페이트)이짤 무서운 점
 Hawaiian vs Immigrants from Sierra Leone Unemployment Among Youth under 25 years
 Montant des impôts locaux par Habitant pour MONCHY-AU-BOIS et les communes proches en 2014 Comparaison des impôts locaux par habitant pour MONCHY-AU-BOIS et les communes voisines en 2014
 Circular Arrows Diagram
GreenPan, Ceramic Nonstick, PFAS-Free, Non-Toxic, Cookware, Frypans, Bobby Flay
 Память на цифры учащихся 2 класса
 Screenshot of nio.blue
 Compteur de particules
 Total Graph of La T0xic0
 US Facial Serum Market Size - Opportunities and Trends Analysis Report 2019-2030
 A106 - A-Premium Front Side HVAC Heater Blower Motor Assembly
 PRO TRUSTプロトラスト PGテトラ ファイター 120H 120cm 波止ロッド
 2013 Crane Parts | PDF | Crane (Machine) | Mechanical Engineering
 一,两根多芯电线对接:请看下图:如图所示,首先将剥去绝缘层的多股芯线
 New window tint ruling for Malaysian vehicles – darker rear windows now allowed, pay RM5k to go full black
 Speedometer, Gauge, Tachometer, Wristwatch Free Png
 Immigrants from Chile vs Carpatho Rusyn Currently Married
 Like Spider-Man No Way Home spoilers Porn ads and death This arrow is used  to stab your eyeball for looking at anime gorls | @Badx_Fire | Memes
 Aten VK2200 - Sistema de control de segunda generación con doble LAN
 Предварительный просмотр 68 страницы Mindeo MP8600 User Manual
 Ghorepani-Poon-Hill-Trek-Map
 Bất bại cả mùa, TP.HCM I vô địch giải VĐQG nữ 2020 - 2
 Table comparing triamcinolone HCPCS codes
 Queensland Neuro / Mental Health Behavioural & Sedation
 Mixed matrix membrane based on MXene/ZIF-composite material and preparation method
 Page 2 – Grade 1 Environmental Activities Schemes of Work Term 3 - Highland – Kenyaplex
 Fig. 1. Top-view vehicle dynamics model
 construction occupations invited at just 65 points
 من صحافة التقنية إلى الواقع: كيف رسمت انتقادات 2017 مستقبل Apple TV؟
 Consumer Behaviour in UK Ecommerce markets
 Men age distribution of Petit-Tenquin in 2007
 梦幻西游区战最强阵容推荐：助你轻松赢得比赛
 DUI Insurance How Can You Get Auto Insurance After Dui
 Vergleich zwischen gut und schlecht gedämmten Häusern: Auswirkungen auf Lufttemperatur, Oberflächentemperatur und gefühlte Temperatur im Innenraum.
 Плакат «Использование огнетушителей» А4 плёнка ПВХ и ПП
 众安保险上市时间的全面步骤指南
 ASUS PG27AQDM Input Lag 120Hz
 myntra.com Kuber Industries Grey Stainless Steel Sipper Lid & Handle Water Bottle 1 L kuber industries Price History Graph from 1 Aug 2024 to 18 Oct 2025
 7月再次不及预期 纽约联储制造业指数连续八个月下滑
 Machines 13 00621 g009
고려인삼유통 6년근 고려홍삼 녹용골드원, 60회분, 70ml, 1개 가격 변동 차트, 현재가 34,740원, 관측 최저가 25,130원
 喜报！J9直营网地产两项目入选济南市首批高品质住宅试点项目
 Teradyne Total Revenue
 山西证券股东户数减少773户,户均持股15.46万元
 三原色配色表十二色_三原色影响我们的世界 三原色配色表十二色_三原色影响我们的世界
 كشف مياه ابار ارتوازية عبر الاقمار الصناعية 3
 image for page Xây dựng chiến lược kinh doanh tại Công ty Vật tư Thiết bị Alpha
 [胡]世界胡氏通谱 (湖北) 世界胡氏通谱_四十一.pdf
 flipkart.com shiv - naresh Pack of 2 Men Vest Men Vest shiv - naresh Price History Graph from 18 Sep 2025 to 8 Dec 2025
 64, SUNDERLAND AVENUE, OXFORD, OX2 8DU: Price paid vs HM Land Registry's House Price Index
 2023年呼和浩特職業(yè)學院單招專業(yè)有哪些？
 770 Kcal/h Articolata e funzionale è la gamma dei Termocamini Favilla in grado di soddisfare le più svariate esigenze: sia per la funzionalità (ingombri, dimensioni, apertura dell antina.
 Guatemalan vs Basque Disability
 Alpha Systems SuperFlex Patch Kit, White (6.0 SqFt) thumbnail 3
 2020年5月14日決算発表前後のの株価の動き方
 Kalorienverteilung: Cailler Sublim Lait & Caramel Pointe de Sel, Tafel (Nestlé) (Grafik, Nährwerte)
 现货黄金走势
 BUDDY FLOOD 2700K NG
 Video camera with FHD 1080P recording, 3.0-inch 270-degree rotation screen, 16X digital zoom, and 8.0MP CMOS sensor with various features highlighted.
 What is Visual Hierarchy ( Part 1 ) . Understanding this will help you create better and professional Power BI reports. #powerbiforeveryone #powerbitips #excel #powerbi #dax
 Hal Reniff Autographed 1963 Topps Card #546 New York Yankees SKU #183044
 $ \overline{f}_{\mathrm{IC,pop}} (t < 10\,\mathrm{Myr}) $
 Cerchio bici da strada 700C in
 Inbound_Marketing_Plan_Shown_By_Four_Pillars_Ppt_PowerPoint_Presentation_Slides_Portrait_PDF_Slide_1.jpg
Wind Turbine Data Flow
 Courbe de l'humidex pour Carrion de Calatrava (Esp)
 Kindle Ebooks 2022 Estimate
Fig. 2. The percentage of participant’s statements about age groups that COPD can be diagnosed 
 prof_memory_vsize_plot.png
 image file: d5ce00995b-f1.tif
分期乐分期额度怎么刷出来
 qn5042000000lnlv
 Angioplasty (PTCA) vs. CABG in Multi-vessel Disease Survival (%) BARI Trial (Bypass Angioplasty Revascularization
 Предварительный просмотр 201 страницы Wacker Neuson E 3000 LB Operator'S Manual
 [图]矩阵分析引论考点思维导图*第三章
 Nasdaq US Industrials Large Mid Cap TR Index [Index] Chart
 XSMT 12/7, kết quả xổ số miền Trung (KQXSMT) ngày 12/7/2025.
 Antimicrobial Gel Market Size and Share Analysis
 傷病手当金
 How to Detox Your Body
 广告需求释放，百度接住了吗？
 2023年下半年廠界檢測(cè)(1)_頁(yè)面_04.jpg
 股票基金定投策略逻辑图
★ ★ ★ ★
→ **Activity**: Each line from the top of the records through the one with "DUI Insurance How" should be returned exactly. Leave out everything else.

→ **Finished exercise**:
페이트)이짤 무서운 점
 Hawaiian vs Immigrants from Sierra Leone Unemployment Among Youth under 25 years
 Montant des impôts locaux par Habitant pour MONCHY-AU-BOIS et les communes proches en 2014 Comparaison des impôts locaux par habitant pour MONCHY-AU-BOIS et les communes voisines en 2014
 Circular Arrows Diagram
GreenPan, Ceramic Nonstick, PFAS-Free, Non-Toxic, Cookware, Frypans, Bobby Flay
 Память на цифры учащихся 2 класса
 Screenshot of nio.blue
 Compteur de particules
 Total Graph of La T0xic0
 US Facial Serum Market Size - Opportunities and Trends Analysis Report 2019-2030
 A106 - A-Premium Front Side HVAC Heater Blower Motor Assembly
 PRO TRUSTプロトラスト PGテトラ ファイター 120H 120cm 波止ロッド
 2013 Crane Parts | PDF | Crane (Machine) | Mechanical Engineering
 一,两根多芯电线对接:请看下图:如图所示,首先将剥去绝缘层的多股芯线
 New window tint ruling for Malaysian vehicles – darker rear windows now allowed, pay RM5k to go full black
 Speedometer, Gauge, Tachometer, Wristwatch Free Png
 Immigrants from Chile vs Carpatho Rusyn Currently Married
 Like Spider-Man No Way Home spoilers Porn ads and death This arrow is used  to stab your eyeball for looking at anime gorls | @Badx_Fire | Memes
 Aten VK2200 - Sistema de control de segunda generación con doble LAN
 Предварительный просмотр 68 страницы Mindeo MP8600 User Manual
 Ghorepani-Poon-Hill-Trek-Map
 Bất bại cả mùa, TP.HCM I vô địch giải VĐQG nữ 2020 - 2
 Table comparing triamcinolone HCPCS codes
 Queensland Neuro / Mental Health Behavioural & Sedation
 Mixed matrix membrane based on MXene/ZIF-composite material and preparation method
 Page 2 – Grade 1 Environmental Activities Schemes of Work Term 3 - Highland – Kenyaplex
 Fig. 1. Top-view vehicle dynamics model
 construction occupations invited at just 65 points
 من صحافة التقنية إلى الواقع: كيف رسمت انتقادات 2017 مستقبل Apple TV؟
 Consumer Behaviour in UK Ecommerce markets
 Men age distribution of Petit-Tenquin in 2007
 梦幻西游区战最强阵容推荐：助你轻松赢得比赛
 DUI Insurance How Can You Get Auto Insurance After Dui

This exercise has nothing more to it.